Pope: Without the Eucharist, Every Effort of the Church Is Vain
During day-trip Mass, Francis reminds faithful: ‘It’s beautiful to be couriers of hope, simple and joyful distributors of the Easter alleluia.’
VATICAN CITY — During a brief day trip to two small Italian cities, Pope Francis stressed the centrality of the Eucharist in the life and actions of the Church, saying without Christ’s love and self-sacrifice, everything would be done in vanity, since everything Jesus did was for others.
“The Eucharist is not a beautiful rite, but it is the most intimate, the most concrete, the most surprising communion that one can imagine with God: a communion of love so real that it takes on the form of eating,” the Pope said April 20. (would not it have been better to say that the Eucharisst is not only a beautiful rite, but.....)
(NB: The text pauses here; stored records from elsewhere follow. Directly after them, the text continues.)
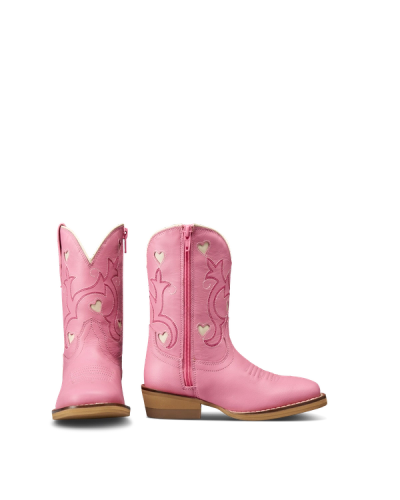 Pair view of The Annie Hearts Toddler - Wild Rose on plain background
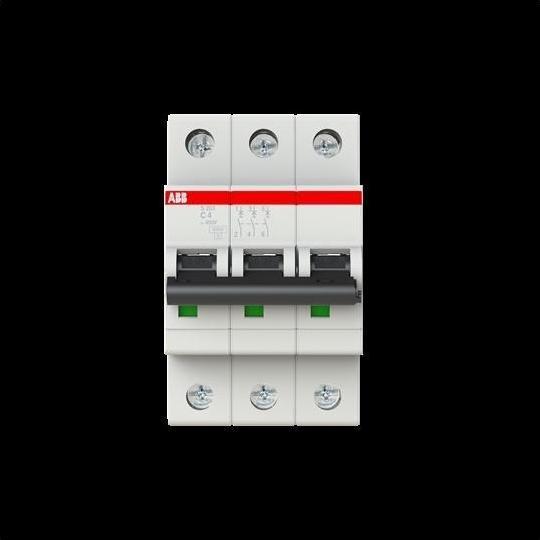 Immagine prodotto ABB S203-C4 Interruttore automatico 4A per M compatto tripolare
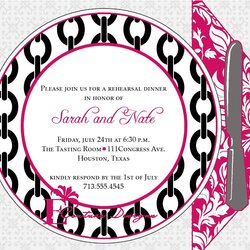 Spiffing Dinner Invitation Template Birthday Graduation Invite Invites Wording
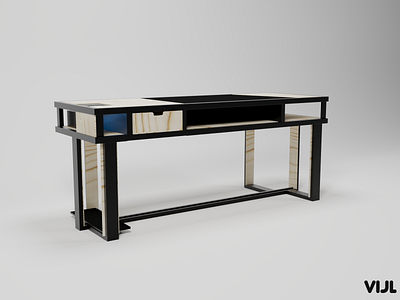 Development of the table in the loft style v.2 3d art blender blender3d design interior loft model modeling table textures wood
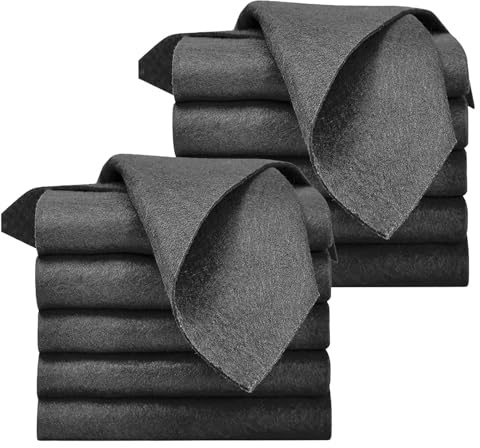 Lumio Cleaning Cloths, Lumio Magicclean Microfiber Cloth For Streak-Free Windows And Surfaces, Lumio Thickened Magic Cleaning Cloth (10PCS)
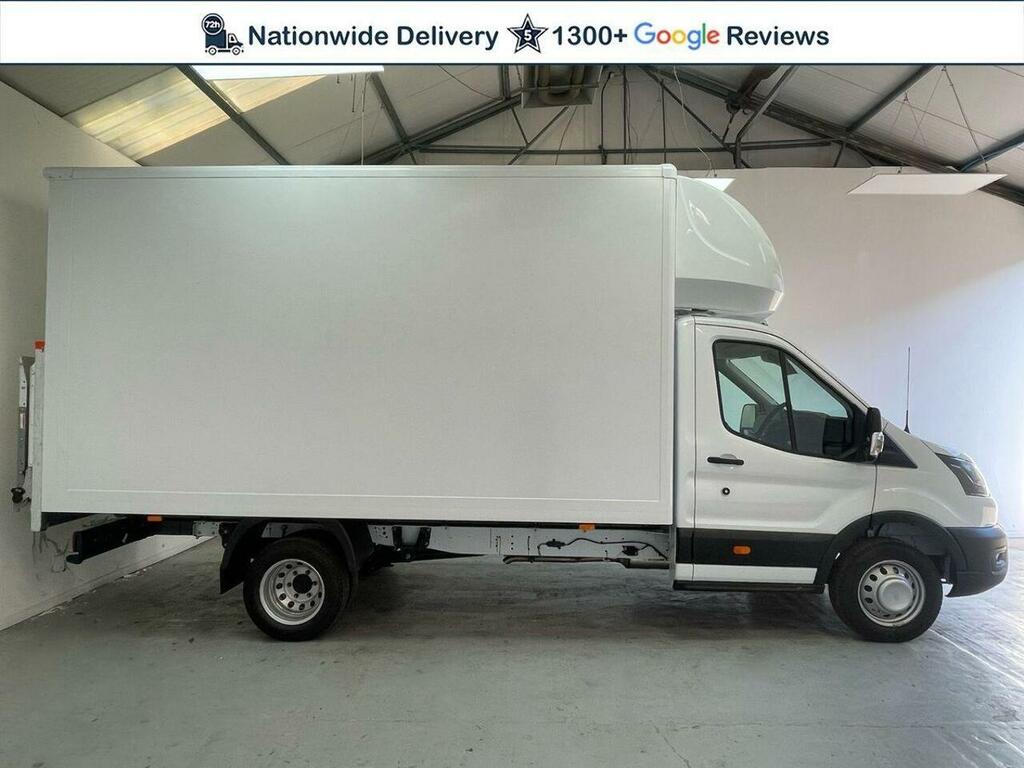 Ford Transit Custom 2.0 350 Ecoblue Leader Chassis Cab Manu XV26XXX White #3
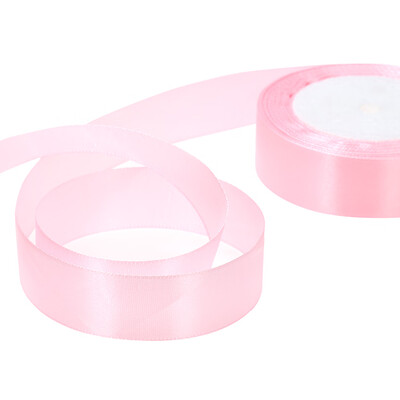 

25 YardsRoll 25mm Width Silk Satin Ribbon DIY Wedding Party Decoration Bow Crafts Invitation Card Gift Wrapping Christmas Ribbons
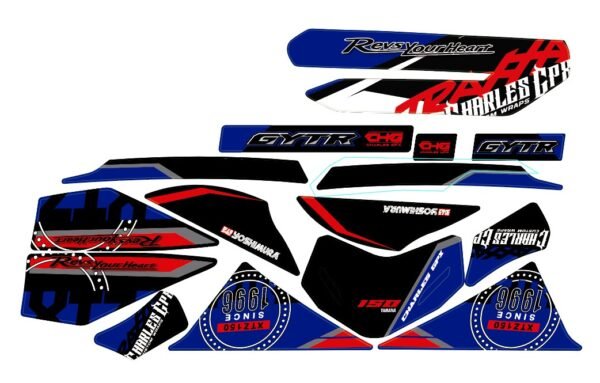 XTZ 150 DISEÑO EDITABLE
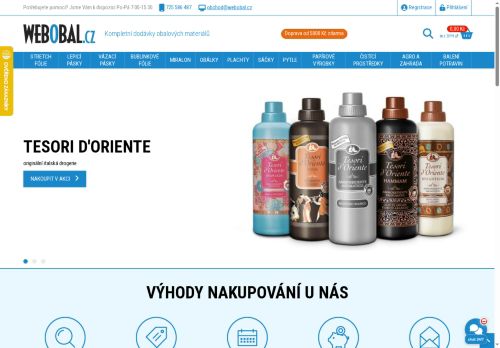 Zobrazit webové stránky CZECHOBAL, s.r.o.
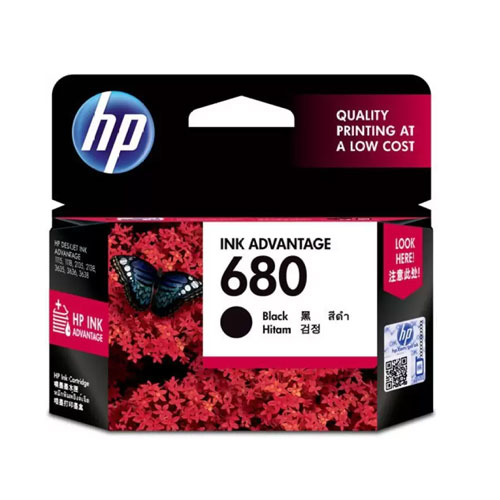 HP 680 Black Original Ink Cartridge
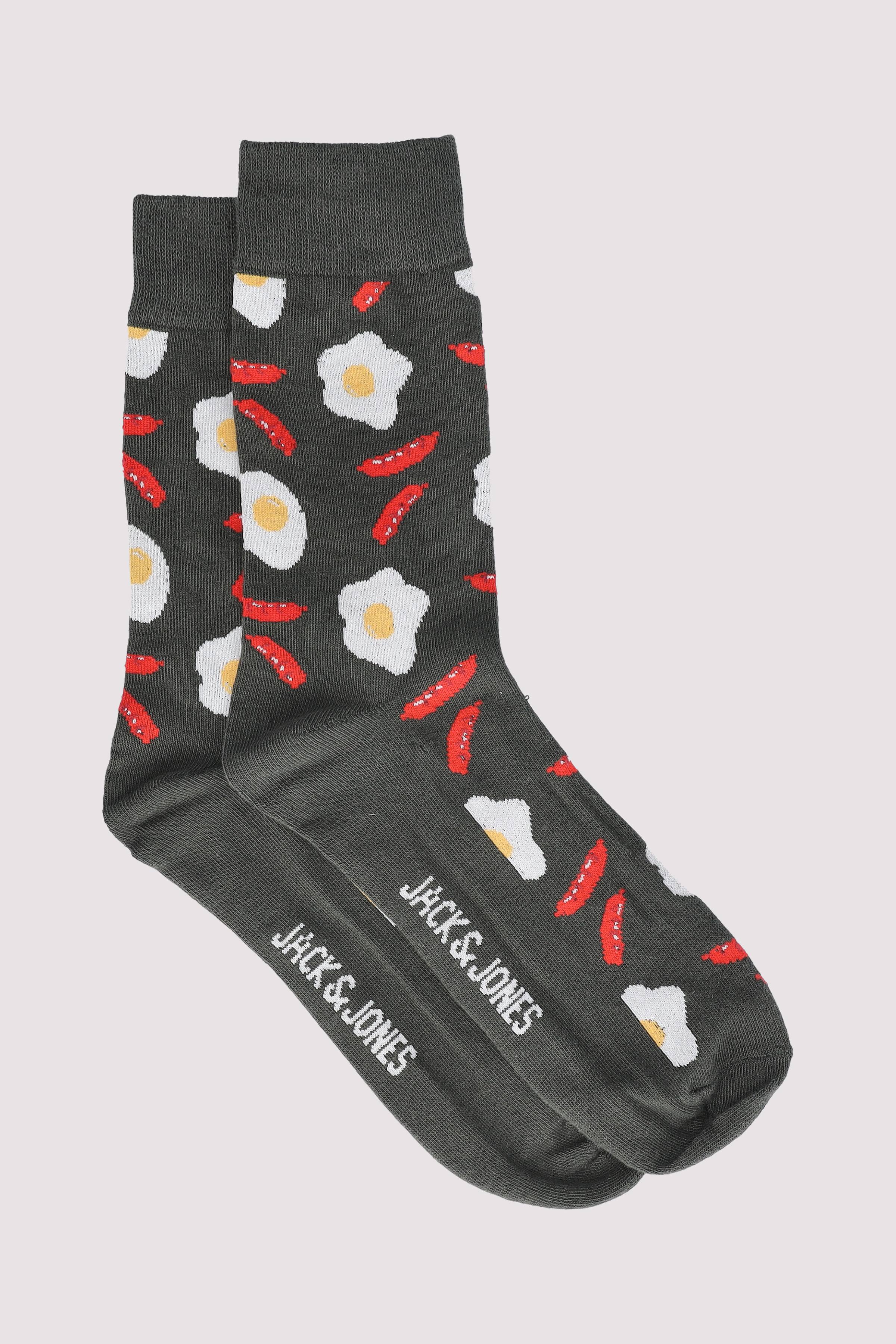 Jack and Jones - JACHOT FOOD SOCKS 3 PACK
The Christian life begins again at each Mass, “where God satiates us with love. Without him, the Bread of Life, every effort of the Church is vain,” he said, and, quoting deceased local Bishop Tonino Bello, he said that “works of charity are not enough, unless those works are done with charity.”
“If love is lacking in those who do the works, if the source is lacking, if the point of departure is lacking, which is the Eucharist, then every pastoral commitment is merely a whirlwind of things,” rather than an act of service.
Pope Francis spoke during Mass in the Italian town of Molfetta. He traveled to the city after making a brief visit to Alessano as part of a half-day trip to mark the 25th anniversary of the death of Bishop Antonio Bello, known as “Don Tonino,” an Italian bishop whose cause for beatification opened in 2007.
In his homily, Francis said whoever receives the Eucharist takes on the face and mentality of the Lord, who is the Bread that was broken for us. And this Bread, he said, does not “rise with pride,” but is given to others.
People who receive the Eucharist, he said, “cease to live for themselves, for their own success, to have something or to become someone, but they live for Jesus, as Jesus, which is for others.”
Quoting Bishop Bello, Francis said the Eucharist “does not support a sedentary life,” and that, without rising from the table, one remains an “unfulfilled sacrament.” He asked those present to question themselves as to how they leave every Mass and whether or not they go out as “people of communion.”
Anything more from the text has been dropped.